El coronel A.M Putrano, que dirige las tareas de rescate, indicó que el registrador de vuelo fue localizado ayer cerca de los restos de la cola del avión, según The Jakarta Post.

El portavoz de la Agencia Nacional de Rescates, Gagah Prakoso, que había anunciado el hallazgo de la caja negra el fin de semana, dijo que esta había perdido su color naranja al quedar quemada y que esto dificultó su localización.
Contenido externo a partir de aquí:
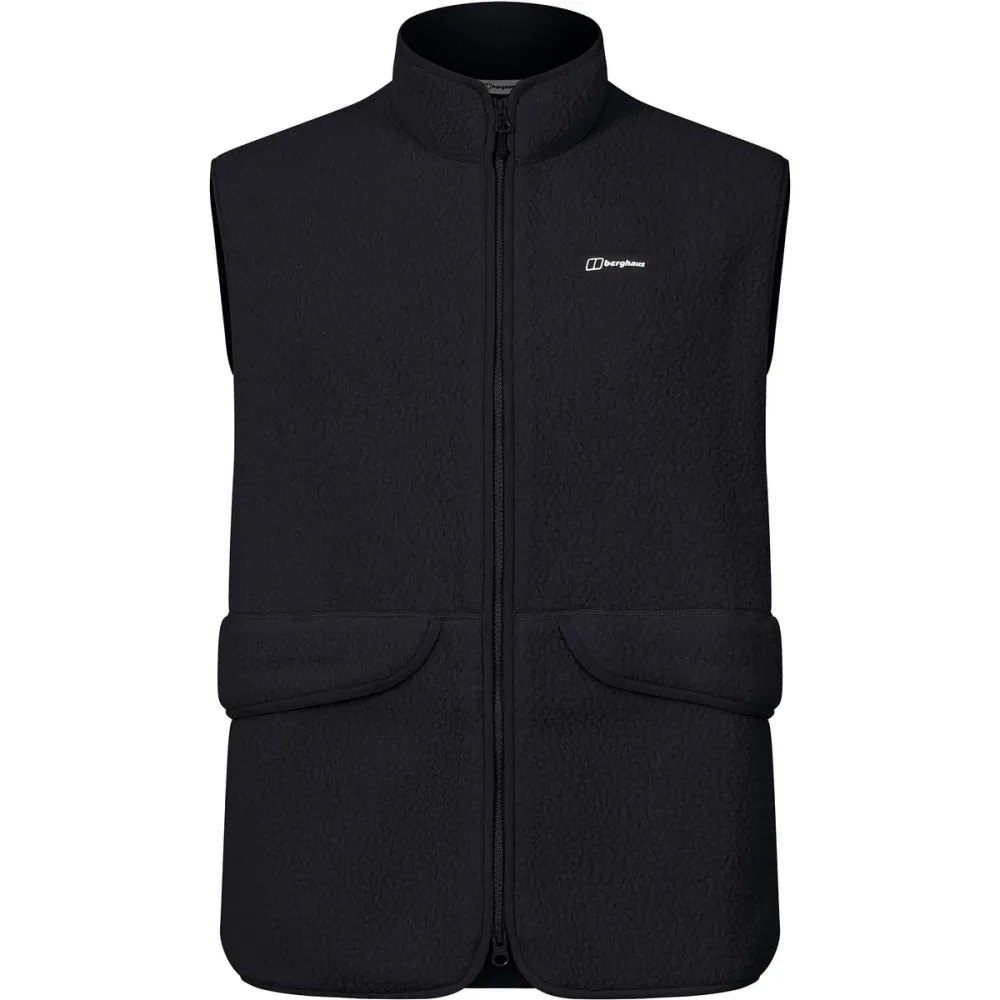 Berghaus Herren Hanby Relaxed Weste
El dispositivo se entregará a la comisión nacional para la Seguridad en el Transporte, que realizará la investigación de los datos con la asistencia de 78 técnicos rusos que se han desplazado a Indonesia.

Mientras, los equipos de rescate prosiguieron las tareas de evacuación de los cadáveres hacia el hospital de la Policía en Yakarta donde un equipo de 60 forenses realizará las identificaciones.

"Esperamos poder completar la evacuación el miércoles por la mañana" dijo Putrano que añadió que hasta el momento se han evacuado del lugar del accidente 31 bolsas con restos de víctimas y se han identificado 22 huellas dactilares.

El avión, un Superjet 100 (SSJ-100) de Sukhoi, transportaba ocho rusos, entre tripulación y representantes de la compañía, dos italianos, un francés y un estadounidense y el resto de pasajeros eran indonesios.

El aparato había realizado por la mañana del miércoles un primer vuelo de exhibición sin percances y en el segundo los radares perdieron el contacto cuando sobrevolaba el volcán Salak, próximo a la ciudad de Bogor, situada a unos 60 kilómetros al sur de Yakarta.

El piloto solicitó a la torre de control permiso para descender de los 10.000 a los 6.000 pies (de 3.005 a 1.830 metros) y desapareció del radar cuando se encontraba en los 6.200 pies.

El accidente aéreo ocurrió cuando el SSJ-100 llevaba a cabo una gira por Asia de promoción, que comenzó en Kazajistán y que iba a finalizar a mediados de mayo en Laos y Vietnam.

Con una capacidad máxima de 95 pasajeros y una autonomía de vuelo de entre 3.000 y 4.500 kilómetros, Sukhoi fabricó esta aeronave para competir con el canadiense Bombardier y el brasileño Embraer.